PROBLEM TO SOLVE:
Output the full listing below exactly, without the pictures.

PROVIDED DATA:
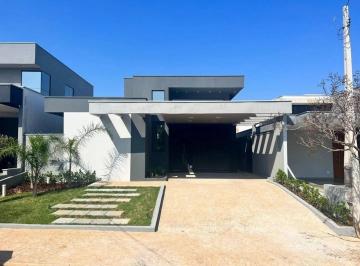 Casa · 390m² · 3 Quartos · 4 Vagas · Casa 3 Quartos no Condomínio Terras da Fazenda - Jardim São Domingos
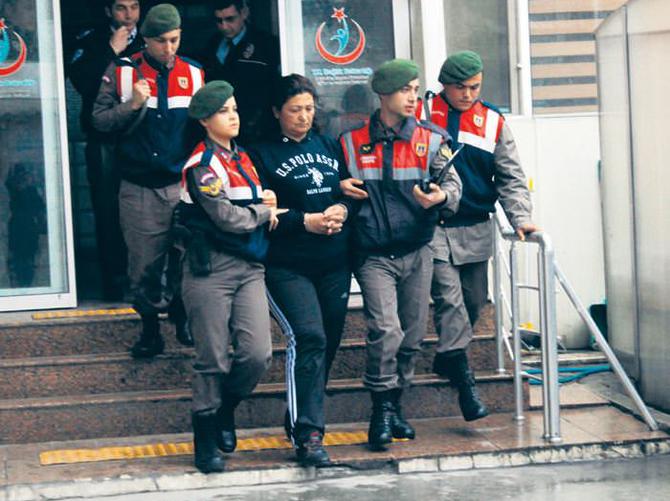 Sevgilisiyle kocasını öldürdü!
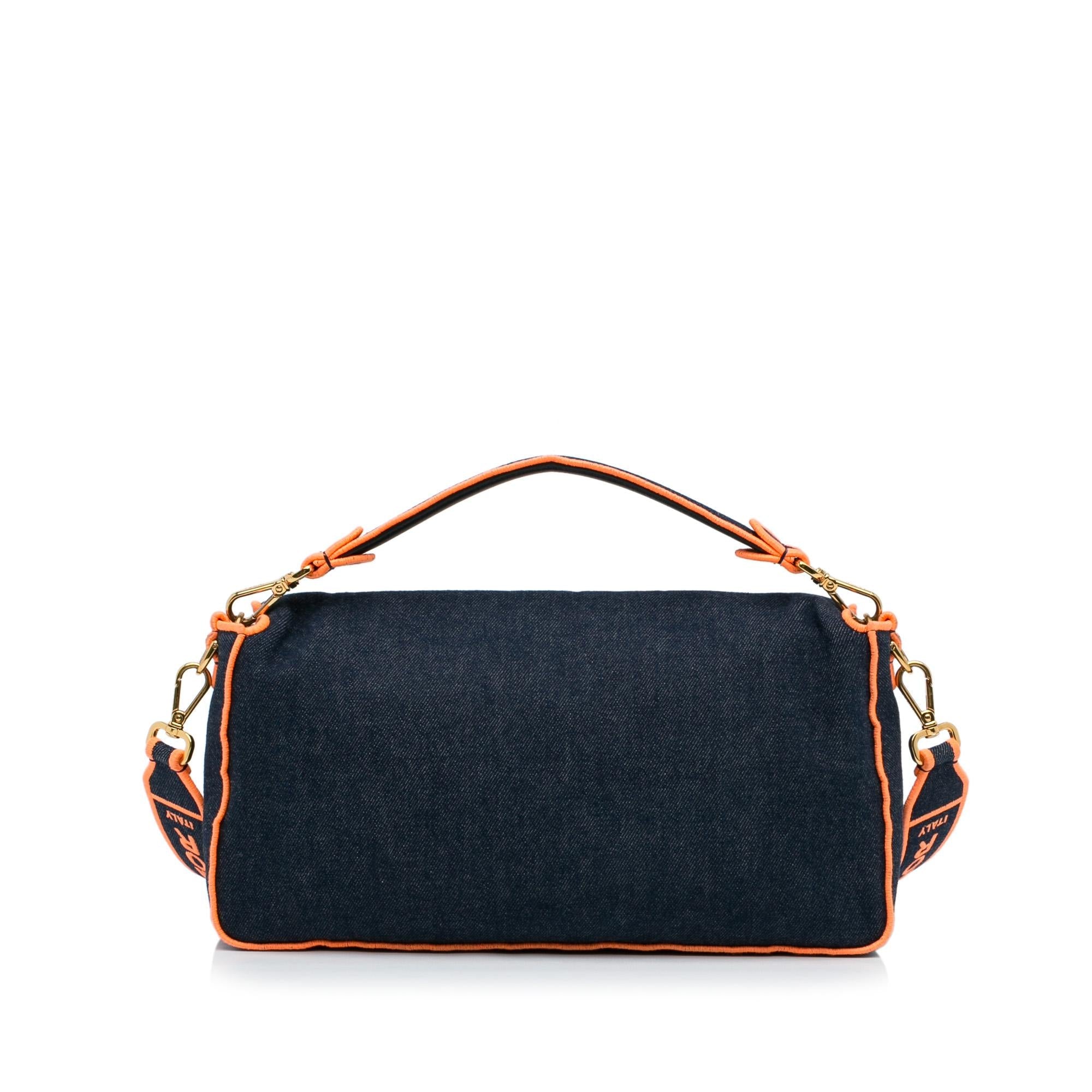 Fendi Large Denim Baguette Bag (SHG-zrIjdA)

TASK ANSWER:
 Casa · 390m² · 3 Quartos · 4 Vagas · Casa 3 Quartos no Condomínio Terras da Fazenda - Jardim São Domingos
 Sevgilisiyle kocasını öldürdü!
 Fendi Large Denim Baguette Bag (SHG-zrIjdA)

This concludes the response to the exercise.